Buried penis surgical treatment in children: Dorsal dartos flap VS. Fascia fixation. A retrospective cohort study

Published:January 06, 2022DOI:https://doi.org/10.1016/j.jpurol.2021.12.016

      Summary

      Introduction

      Several surgical techniques for buried penis (BP) treatment have been described, although there is not a reference pattern for it. In our institution, we have traditionally performed penis fixation to Buck's fascia at 3 points. In 2014 we introduced a dorsal dartos flap technique, fixed at both sides of the penis base.

      Objetive

      To compare both techniques and their long-term outcomes.

      Methods

      A retrospective cohort study was conducted on consecutive patients with BP who underwent surgery between 2010 and 2018. They were divided according to surgical technique performed: group A (fascia fixation) and B (dorsal dartos flap). Demographic variables, surgical time and postoperative complications were analyzed.

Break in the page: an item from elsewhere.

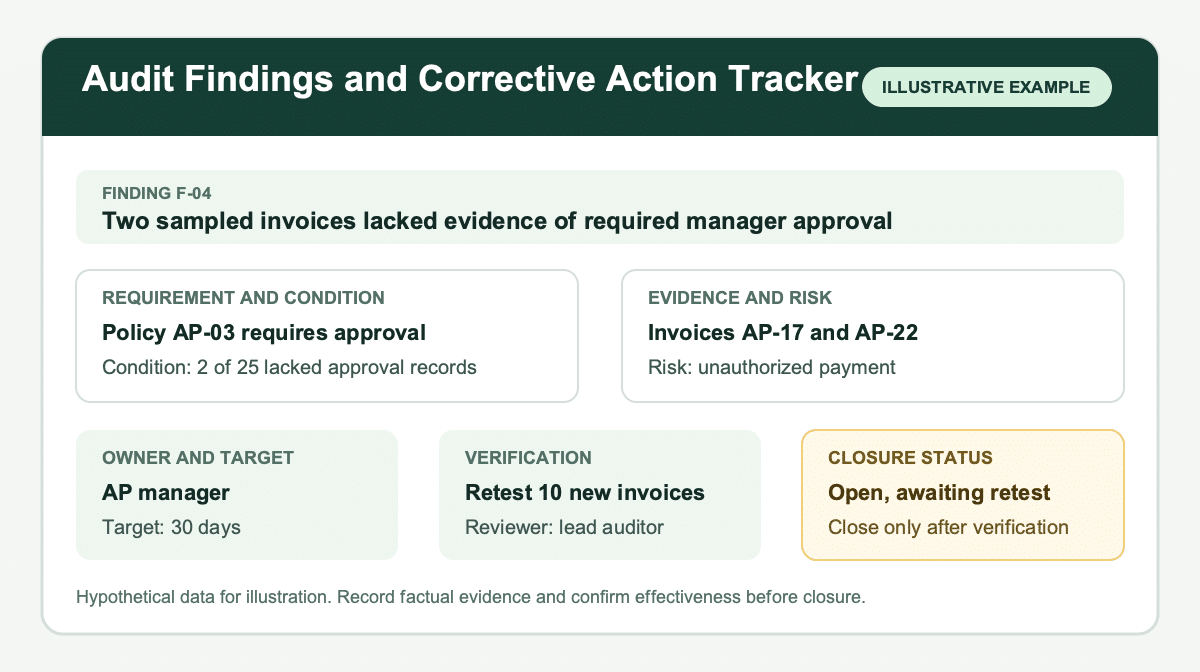 Illustrative audit findings tracker with evidence, corrective action owners, target dates, and verification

Long-term cosmetic outcomes were evaluated through a telephone survey to patients parents.

      Results

      Thirty-five patients were included (16 group A; 19 group B). Median age at intervention was 9.7 years in group A, with no statistical differences with group B (7.3 years; p = 0.071). No statistically significant differences were observed in mean surgical time or postoperative complications between both groups. Cosmetic outcomes (Table 2) were significantly better in group B, which presented higher percentages of satisfaction with the outcomes (95% vs. 64%; p = 0.02) and age at intervention (89% vs. 59%; p = 0.032), higher perception of the procedure as “minimally invasive” (100% vs. 71%; p = 0.013) and higher recommendation rate of the intervention (95% vs. 57%; p = 0.029).

      Conclusions

      Summary TableSatisfaction of patients' parents with long-term cosmetic results.
      YES/NO questions (%) Group A (n = 16) Group B (n = 19) P-value OR (CI 95%)
      Satisfaction with the cosmetic result 64% 95% 0.025 10.2 (1.3–98.2)
      Optimal consideration of the age at which the procedure was performed 57% 89% 0.032 6.37 (1.2–33.6)
      Perception of the procedure as “minimally invasive" 71% 100% 0.013
      Recommendation of the procedure to other patients affected by the same pathology 57% 95% 0.029 13.5 (1.7–131.2)
      Abbreviations: CI, confidence Interval. P < 0.05 was accepted as significant.